The GBP CFTC positioning from the June 23 report stands at the 0th percentile with -105,719 net contracts. That is the most extreme short on record in the dataset. The structural argument for a GBP short squeeze has not changed, but it requires a catalyst - typically a hawkish BoE signal, a positive UK data surprise, or a broad dollar softening. None of those are present this morning. The UK's energy import exposure means that Brent at $78-$80 is a headwind for the growth side of the BoE's calculus. Bank Rate is held at 3.75%.
The cross is caught between two partially-offsetting CFTC extremes: the 0th-percentile GBP short and the 2nd-percentile JPY short. A structural move in either currency would require external resolution. Today, with both extremes unresolved and no UK-specific catalyst, GBP/JPY is likely to remain range-bound, tracking the broader USD/JPY dynamic.
Directional bias: Neutral. The 215.00-217.00 range has contained price action since the Iran escalation began. A break above 217.50 requires both sterling strength and yen weakness simultaneously - possible on a sharp dollar reversal, but not the base case today. A break below 214.50 would require both sterling weakness and a yen safe-haven recovery.
Key levels: Support at 214.00-214.50. Resistance at 217.00-217.50.
EUR/USD
EUR/USD slipped but held above 1.1400 as geopolitical risks around the Strait of Hormuz undermined the euro's bullish case. The pair is trading in the 1.1400-1.1420 area this morning, essentially marking time after Wednesday's modest decline.
The EURUSD-XAUUSD correlation of +0.61 from the intelligence snapshot remains the structural alignment to track. Gold has been unable to rally despite the escalation; EUR/USD has followed that direction. Both instruments are telling the same story about the dollar's dominance of the safe-haven hierarchy in this particular conflict configuration.

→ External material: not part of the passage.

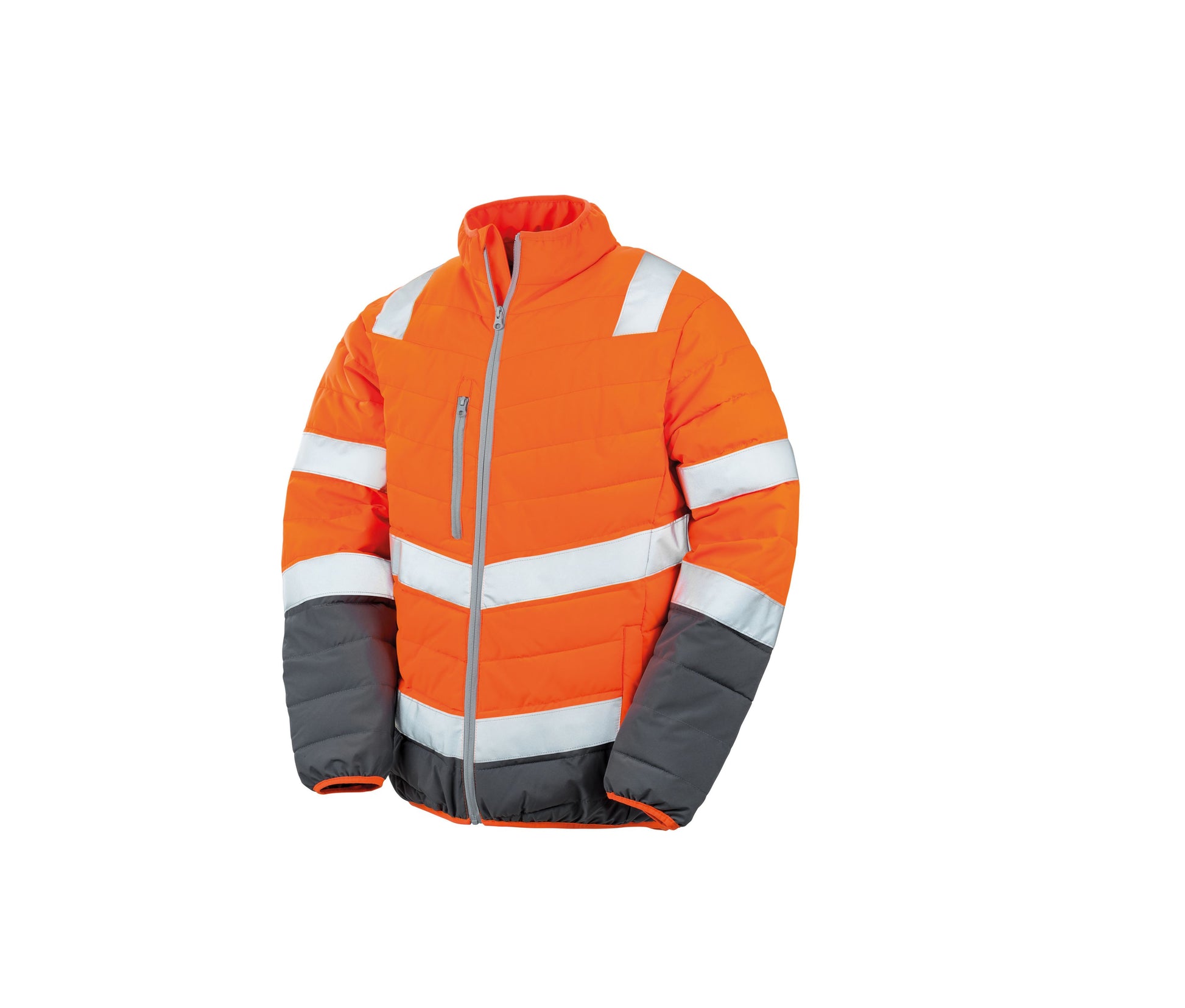 Veste Matelassée Visibilité Augmentée - Fluorescent Orange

Spanish bonds slid further after Trump told the NATO summit in Turkey that he wanted to "cut off all trade with Spain." That remark, buried in Wednesday's session, deserves attention from EUR/USD traders. If the Trump administration escalates trade tensions with a eurozone member state from the sidelines of a NATO summit - even rhetorically - it introduces an additional headwind for the euro independent of the Iran channel. Watch for any follow-up on the Spain remark through Thursday's European session.
The ECB deposit rate is at 2.25%, with markets pricing just 23 basis points of additional tightening by year-end 2026. The rate differential against the Fed's 3.50-3.75% policy rate, combined with a September hike probability now at 66%, creates a structural cap on EUR/USD recovery unless US rate expectations reverse materially.

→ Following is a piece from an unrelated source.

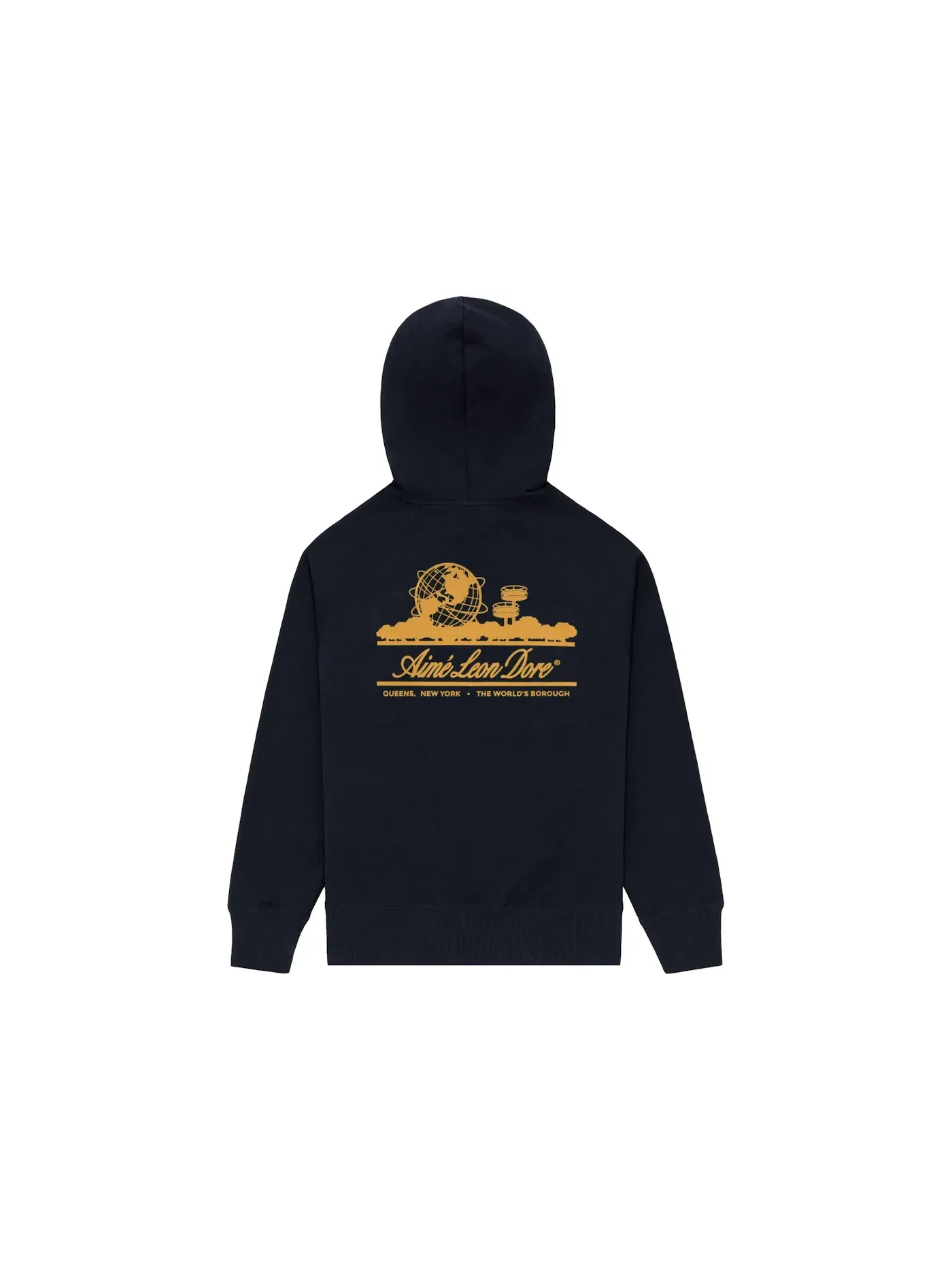 Мужской худи с длинным рукавом Hoodie Aime Leon Dore — изображение 2 из 2, темно-синий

Directional bias: Neutral to cautiously bearish. The 1.1400 level is acting as a gravitational floor. A break and hold below 1.1380 on a London morning close would be a deterioration signal. A recovery above 1.1450 requires the dollar to soften, which requires either the Iran situation to de-escalate or the US rate picture to shift.
Key levels: Support at 1.1370-1.1400. Resistance at 1.1450-1.1480.
USD/CAD
USD/CAD is trading around 1.4200-1.4220. The standoff between oil's bullish CAD implications and the dollar's safe-haven bid continues. Brent crude advanced over 1% to $78.82 a barrel and WTI rose over 1% to $74.29 per barrel in early Asian trade Thursday.
The arithmetic of the oil-CAD relationship is straightforward: WTI sustained above $74-$75 is strongly CAD-positive through the commodity channel. The reason USD/CAD is not already at 1.4050-1.4100 is the same dollar safe-haven bid that has prevented every oil-positive instrument from fully expressing its fundamentals since the escalation began. The pair's range since Tuesday's initial spike has been remarkably tight given the move in crude.
The June 23 CFTC report shows CAD positioning at the 12th percentile with -146,792 contracts. A crowded CAD short that has not been covered despite a 10% oil rally since the conflict re-escalated. If the dollar bid fades through the London session - driven by any sign of diplomatic communication or a softer Treasury yield - the mechanical CAD short cover would push USD/CAD sharply toward 1.4100.
Directional bias: Cautiously bearish USD/CAD. The oil channel should win over the dollar-strength channel through the course of the London session, all else being equal. The risk to the downside view is a further escalation that overwhelms the oil-CAD relationship with a broad dollar bid.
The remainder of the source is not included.